He was right, of course. I came back sooner than even I had hoped, courtesy of a job offer from Mills himself. In the meantime, I was proud and relieved to tell my parents I had not only graduated from college—I had a job.

As I found out, getting your first job in New York wasn't easy, and some of us realized the challenge while still in college and wisely planned ahead. Because of my injury from the auto accident, I was not eligible for the draft, but other young male college graduates faced two years of military service that further complicated their career plans. Max Frankel, the ace Columbia correspondent for the
New York Times
, was hired by the paper when he graduated, but the draft was hanging over him.

“I was terrified that if I left for two years in the Army, no one at the
Times
would remember me when I got back,” Frankel says. “But there was a law that if you had a job for one year and you were drafted, they had to take you back when you returned from the service. I went to my draft board and got a year's deferment to get an M.A. in political science, then asked the
Times
if I could have my two days off in the middle of the week—I could take a full load of five courses by going to class on Tuesday and Wednesday.”

When Max returned from two years of Army service, a guaranteed job at the
Times
was waiting, and his first assignment was police reporter. “My first year I was in the police shack, hanging out with guys who only covered cops. I rode around with these guys who had guns in their glove compartment and talked rough cop talk. The newspaper scene in New York then was vibrant. It was hotly competitive, with papers of every conceivable stripe, from the
World-Telegram
, which was sucking up to the establishment, to the Hearst papers, the
Mirror
and the
American
. The
Daily News
was a terrific tabloid, and we also had the liberal
Post
. There was very little TV then.”

Few of us planned our careers so well ahead. If we had no previous experience or connections, we turned to family or friends. Just as I got my job with the aid of my high school history teacher, the future novelist Bruce Jay Friedman got his through what he calls “the Bronx mothers' Mafia.” After a hard day of making the rounds of employment agencies when he came home from the Air Force in 1953, Bruce had dinner with his mother at the House of Chan in Manhattan. “We were having those drinks everybody used to have then, the ones with the orange slice and the cherry, when my mother spotted this woman she knew from the neighborhood sitting at the bar. My mother invited her over to our table and introduced me.
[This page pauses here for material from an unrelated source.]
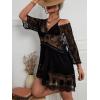imageMakeMeChic Womens Short Sleeve Plunging Beach Cover Up Dress Swimsuit Cover UpBlack D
She said, ‘This is my son, and he wants to get started in writing.' This other Bronx mother nods and says, ‘My son-in-law works for Magazine Management Company. He'd love to meet your son, maybe he could help him.'

“I started in 1953 with Magazine Management and stayed until 1965, but I never did get formally offered the job. I was given my own magazine to edit—
Swank
, a tepid harbinger of what girlie magazines were to become—then I was put in charge of four other magazines the company owned, called
Male, Man's World, Men
, and
True Action
.”

Joan Didion knew she wanted to be a writer and live in New York after her stint as a guest editor at
Mademoiselle
, the summer after her junior year at Berkeley. When she returned to the University of California, she entered a
Vogue
magazine contest for college seniors, which would bring her back to New York if she won it, and she did.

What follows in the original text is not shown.